Thanks for the help but let me clarify this image is only being deployed on the same single system I made the image on, I just want an image I can deploy every month so I have a relatively clean install all the time. Y'know?
 
While I'm not 100% sure of this, I think that Sysprep and some other tools are what would be involved. I can tell you how to do images using something like Acronis True Image or Norton Ghost, that's easy, but there are aspects of creating a massive amount of 'em for a network of machines that Sysprep is designed to handle. I'll defer on this one to another person that might have more info; I never really got into image deployment over networks in my career, but I retired from "the grind" of I.T. back around 1999 soooo... now I just work for myself. :D

It should be relatively easy to do with readily available tools, however.
 
Thansk for the response! Once again I'll clarify that I am using this for a single computer, of which the hard-drive is only 40GB, now can anyone offer any further suggestions? Thanks!
 
First off you need the correct licenses. For XP you will want a volume license(open license) as it will allow you to use 1 cd key across all of the machines. Same thing goes with office if you are using it. Other big vendors like adobe also do licensing like this.

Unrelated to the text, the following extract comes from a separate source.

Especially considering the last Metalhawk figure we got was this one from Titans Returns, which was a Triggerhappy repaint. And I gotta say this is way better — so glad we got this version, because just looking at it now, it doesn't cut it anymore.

After that you pretty much built the image however you want it and use sysprep and an answer key to seal it. Using something like ghost or true image(I prefer trueimage) you can then blow that image down to computers via an external hd, dvd, or over the network. Yes you can resize the partition when you do it as well(ie enlarge that 40 gig partition to a 160 gig one).
 
Thanks for the help but let me clarify this image is only being deployed on the same single system I made the image on, I just want an image I can deploy every month so I have a relatively clean install all the time. Y'know?
 
Thanks for the help but let me clarify this image is only being deployed on the same single system I made the image on, I just want an image I can deploy every month so I have a relatively clean install all the time. Y'know?

You still want to seal the image. If the hardware is going to be the same you can do a minisetup where it doesn't try to redetect all of the hardware again. You still want it to go through and let you configure the naming conventions and everything else though.